00:39:42 and even if not ideas I get directly from them. It just makes my brain work differently. So make sure you always are scanning your environment and looking at both macro trends which you get from conferences and micro inputs. Would you get from your peers, filter the input, make it work for you, but make sure those inputs are always there. So those are my 10 lessons.

00:40:09 If anybody's wondering what I'm up to now that I'm down a coworking space, like I said, it's probably not forever. I will likely do a space, it may not be in the Bay area. We'll see where life takes me and how real estate prices work out. I would love to own a building. I have lots of coworking startup school students who own their buildings and create a coworking space that serves the community.

00:40:32 I feel like I relate really well to that approach. So I would love for that to happen at some point. But as I said, great things come with focus and that has been a challenge for me over the past few years. I am an entrepreneur and I love to serve and I'm always taking on more than I and my, you know, small team that can manage at any one time.
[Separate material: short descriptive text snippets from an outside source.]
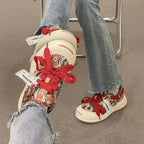 Damen modische Sneaker mit gefransten Details und auffälligem Schnürsystem R&B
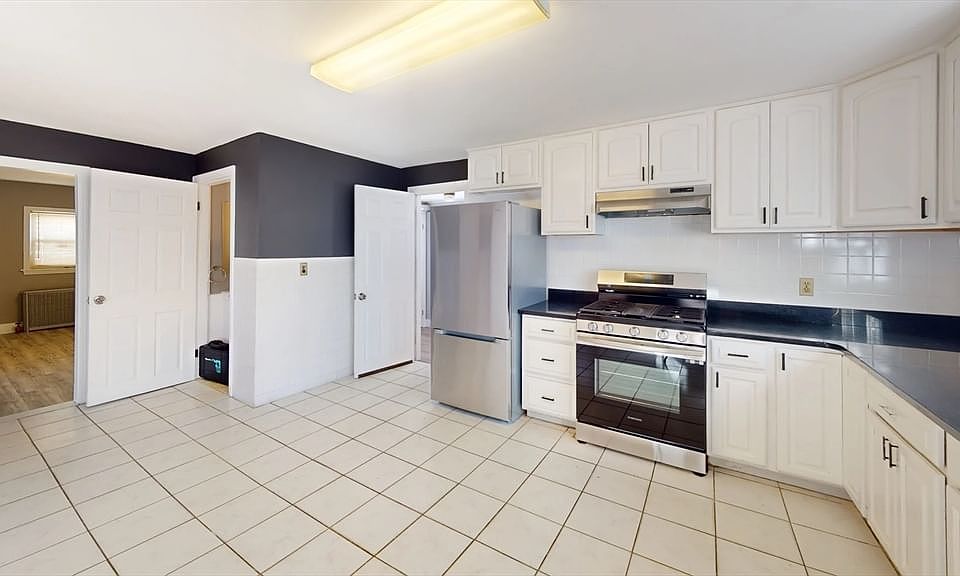 1st image of 111 Arnold St #1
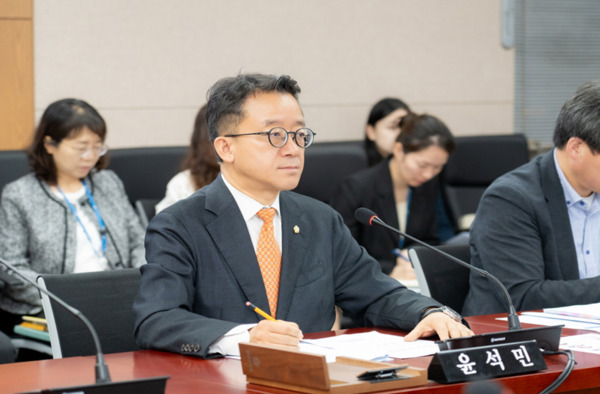 서울시 강남구의회는 20일 국민의힘 윤석민 의원이 대표 발의한 '서울특별시 강남구 국가보훈대상자 예우 및 지원에 관한 조례 일부개정조례안'이 제330회 임시회 제2차 본회의에서 가결됐다고 밝혔다. / 윤석민 의원 제공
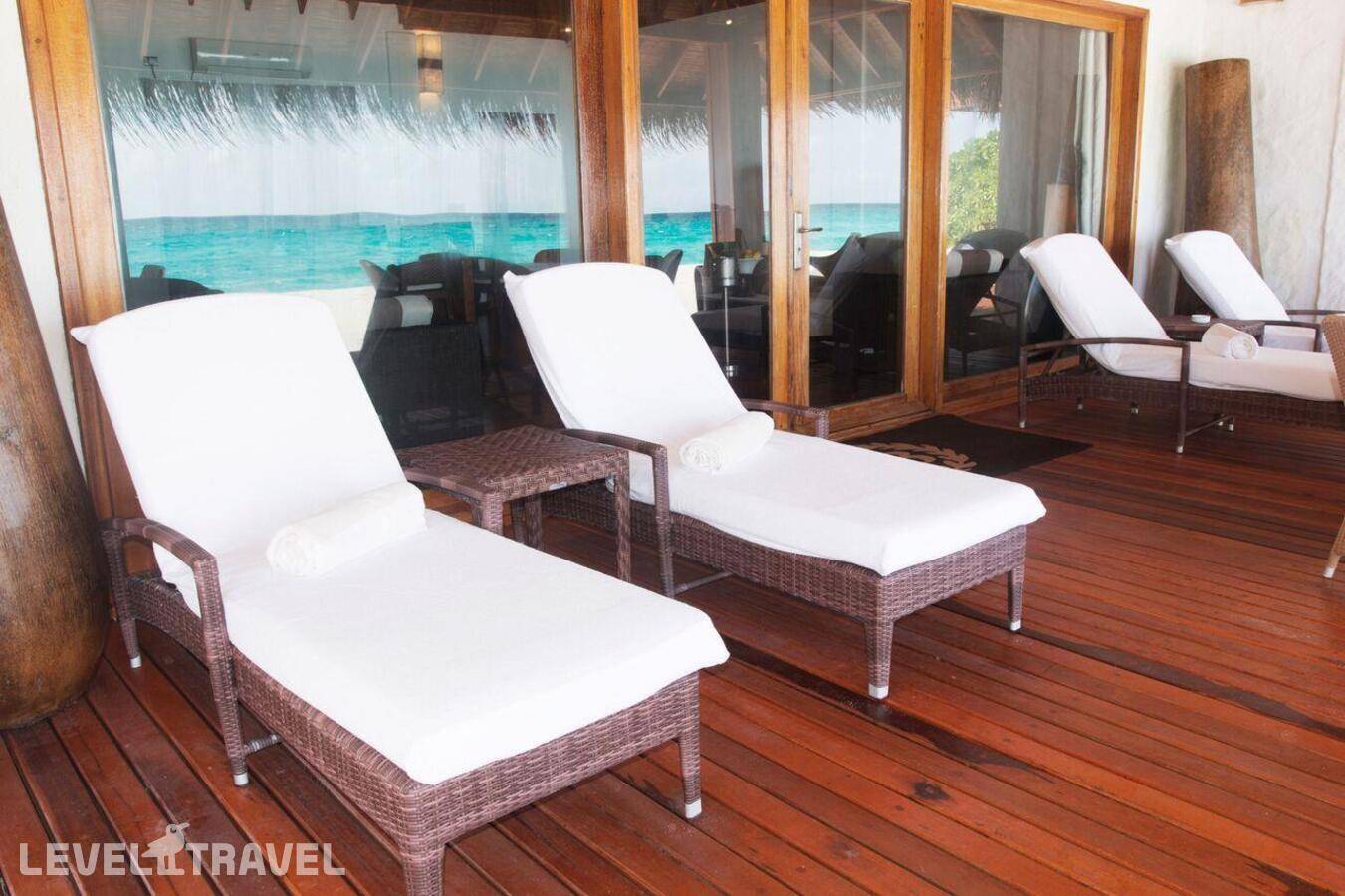 фотографии отеля Palm Beach Resort & Spa Maldives в Мальдивы(Лавиани Атолл) - фото №26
00:40:57 So I am looking forward to the opportunity to serve my people a little bit better. So, um, my coworking startup school students, my flight group members, my community manager, university students, my superpower, like I said at the beginning, is really kind of translating what's happening in the world into frameworks to help people run their business, to first create a business that they love to run and that's profitable and then to learn and grow and connect from that.

00:41:27 So I appreciate the fact that I've had eight years of practical experience and now it's my, my opportunity to sort of scale that experience is to give to the coworking industry and, you know, get more people through the startup school and get more people into the community manager university to connect and leverage those resources. So I'm really passionate about spending some more time serving you in that capacity.